In May, 2001, I graduated from college. I spent the next 5 months being a camp counselor and working out at the Y.  I had a fellowship in the State Assembly lined up, but that didn't start until October.  In early September, 2001, I took a road trip up to Sacramento to meet a prospective roommate and find some housing.

I rented a car since my 1984 Mercury Marquis wasn't up for the trip.  It was a white Ford Focus.  I didn't realize the difference between newer and older cars until I looked at the speedometer on the 110N in downtown LA and realized I was going 100mph because the car hadn't alerted me to my speed by shaking when I hit 82mph.

My first stop was at your Auntie Jacqui's house. Back then, they were living in a very rural part of Watsonville - up in the hills, off the grid, secluded and hard to reach in a storm.  It was a cute, small house, with a view of the hills and valleys below where the tap water was too nitrate-rich to consume and your Uncle Chris had to haul their garbage away.  I remember thinking, at night, staring out the windows into the pitch-blackness, that an ax-murderer or other danger was surely lurking just beyond the warm glow of the house lights.

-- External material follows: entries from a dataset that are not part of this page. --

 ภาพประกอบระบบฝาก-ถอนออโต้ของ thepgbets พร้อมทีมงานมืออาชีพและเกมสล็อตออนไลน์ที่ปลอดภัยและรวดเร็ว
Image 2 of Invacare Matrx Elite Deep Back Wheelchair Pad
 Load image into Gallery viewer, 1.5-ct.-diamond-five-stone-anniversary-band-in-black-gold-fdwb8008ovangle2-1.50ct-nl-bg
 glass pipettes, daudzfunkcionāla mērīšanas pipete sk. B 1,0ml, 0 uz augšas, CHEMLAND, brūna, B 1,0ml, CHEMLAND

After a day or two in Santa Cruz and Watsonville, I set off for what ended up being a much longer than anticipated drive to Sacramento to meet a potential roommate and check out a potential house.  The meeting was short and productive and we agreed that I'd move in at the start of my program in about a month. It was a darling 2 bedroom cottage in a small neighborhood I later came to know as the Thrifty Thirties in East Sac.  A large red dog, two mostly ill-tempered cats, and a nice roomie lived there. It was a lucky find.

I spent that night with my friend Alecia - you know, Lola's mommy (long before there was a Lola, of course). She lived in a cute apartment in Midtown carved from a larger old home. The sink had two taps - one hot and one cold. I found that odd (foreshadowing to life with English daddy and the English predilection for outfitting even new houses with two taps). There was a shooter or a murderer or something loose in Sacramento (probably not in Midtown) that I found slightly alarming. I went to bed. It was September 9.

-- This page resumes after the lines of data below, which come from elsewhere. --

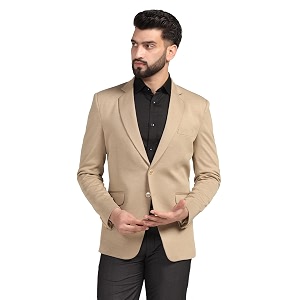 TAHVO Men Blazer Lycra Fabric Slim Fit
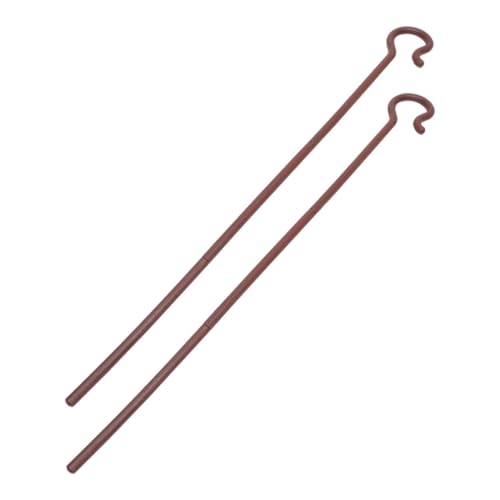 Ciieeo 2 Stück Prom Performance Requisiten Schäferkostüm Kostüm Gehstock Steampunk-Stock Spazierstöcke Tanzrohrkrücke Zuckerrohr Kostümrequisiten Plastik Brown Ciieeo 2 Stück Prom Performance Requisiten Schäferkostüm Kostüm Gehstock Steampunk-Stock Spazierstöcke Tanzrohrkrücke Zuckerrohr Kostümrequisiten Plastik Brown von Ciieeo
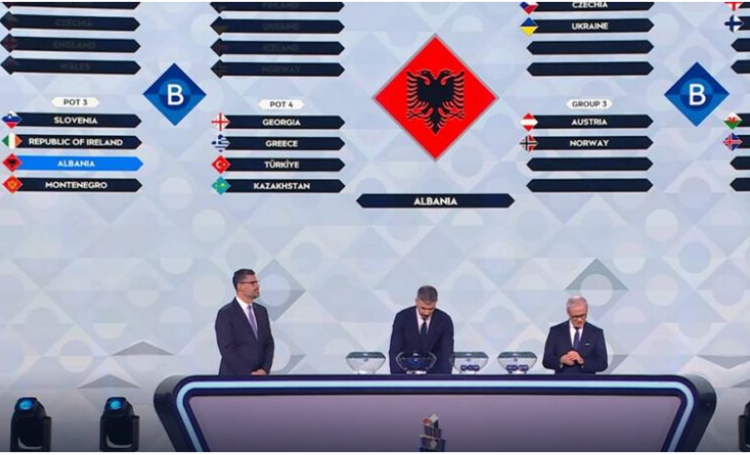 League of Nations draw, the odds favor Albania; red and black again against the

The next day, having acquired housing more quickly than I thought, I set off for Watsonville to spend some extra time enjoying the coast and summer weather.  I don't remember what we did that evening. I remember going to bed on the old futon in the front room. It was September 10.

The next morning, your Auntie Jacqui gently nudged by shoulder and said "you might want to get up, there's, like, major world events unfolding," and I followed her to the couch and television.

The timeline gets a bit fuzzy here. I know your Auntie told me she had only gone to the TV because what she'd heard on her regular BBC radio news feed that awakened her each morning confused her. Something about an attack on the World Trade Center and she'd initially assumed it must have been an anniversary of the WTC bombing from years before.  But the tenses weren't right.

I can't recall if I was at the TV to watch the second plane strike or if the footage I saw was already a replay at that point.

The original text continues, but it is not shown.